Dibattito interessante, forse inutile

/ 21.01.2019
di Peter Schiesser

Il dibattito sull’accordo istituzionale con l’Unione europea è lanciato: il Consiglio federale ha messo in consultazione mercoledì scorso presso le cerchie interessate il testo scaturito dai negoziati con Bruxelles, di cui aveva preso atto senza firmarlo il 12 dicembre scorso; parallelamente, il giorno prima la Commissione di politica estera del Consiglio nazionale ha condotto con 6 esperti uno hearing pubblico, trasmesso in streaming in internet, sui contenuti di questo accordo istituzionale – una modalità molto rara, scelta in passato solo per temi molto sentiti dall’opinione pubblica, a voler sottolineare l’importanza della posta in gioco. Terminata la consultazione, il Consiglio federale deciderà entro l’estate se firmare l’accordo o se chiedere ulteriori negoziati.

Dobbiamo dirlo subito: probabilmente questi sforzi per capire e spiegare i contenuti dell’accordo istituzionale, che concerne unicamente gli accordi settoriali che regolano l’accesso svizzero al mercato europeo, saranno inutili: l’Udc è contraria a priori e il Partito socialista sposa in maggioranza la posizione contraria dei sindacati, che non accettano alcuna modifica alle misure di accompagnamento, di tutela dei salari svizzeri. Assieme, i due partiti rappresentano una massa politica ed elettorale sufficiente per affossare qualsiasi accordo con l’Ue, nonostante all’interno del Ps ci siano anche deputati favorevoli all’accordo. Purtroppo l’estate scorsa le infelici modalità di comunicazione dei consiglieri federali Cassis e Schneider-Ammann (il primo riflettendo ad alta voce sulla possibilità di modificare nella forma le misure di accompagnamento, il secondo gestendo male la tavola rotonda nazionale sullo stesso tema) hanno generato una reazione d’orgoglio da parte sindacale e, come sanno i protagonisti della politica nazionale, quando si tratta di salvare la faccia non si fa marcia indietro. Per cui, con l’Udc e i sindacati di sinistra contrari, l’accordo nella forma attuale è praticamente morto.

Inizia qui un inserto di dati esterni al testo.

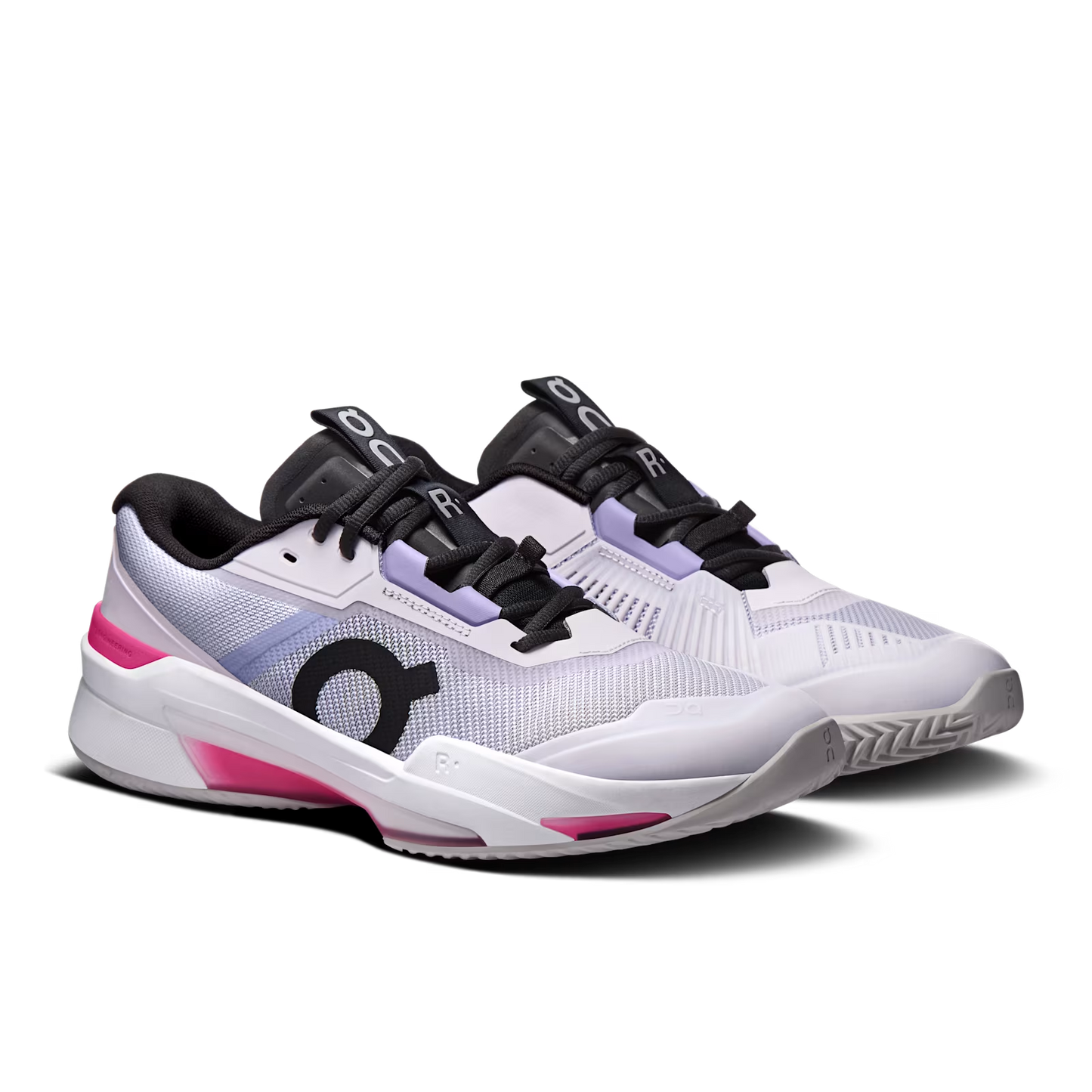 On Running THE ROGER Pro Fire Clay Thistle | Pink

Eppure, varrebbe senz’altro la pena approfondire i contenuti di questo accordo quadro. Con il suo hearing pubblico, la commissione del Nazionale ha dato un contributo interessante, benché rivolto ad un pubblico specialistico, di persone già informate. Al di là delle spiegazioni tecniche, le 3 ore e mezza di discussione hanno pure messo in evidenza un elemento centrale di questo dibattito: anche il parere degli esperti è fortemente influenzato dalla propria inclinazione, pro o anti-europea. Per gli uni la corte mista che avrebbe il compito di dirimere le controversie nell’interpretazione degli accordi bilaterali è una foglia di fico, per gli altri una grande conquista, per gli uni la perdita di sovranità giuridica (che deriverebbe dalla ripresa dinamica dell’evoluzione del diritto europeo nell’ambito dei suddetti accordi) è intollerabile, altri non vedono grandi cambiamenti rispetto ad oggi, anzi avremmo più certezza giuridica. Alla fine, si tratta sempre ancora di una scelta politica, che risulta dal valore che si dà ad un aspetto rispetto ad un altro. A ciò si aggiunge la dimensione soggettiva insita nella valutazione dell’importanza di questo accordo istituzionale per il futuro assetto delle relazioni con l’Ue: per gli uni un no all’accordo quadro svuoterebbe a poco a poco la via bilaterale, per gli altri un accordo migliore può essere concluso anche fra qualche anno.

Presumibilmente si potrà verificare presto nei fatti quanta ragione avrà l’uno e l’altro schieramento. Spiace constatare che si metta a repentaglio con una certa leggerezza i tanti vantaggi concreti degli accordi bilaterali – forse illudendosi che non siano a rischio?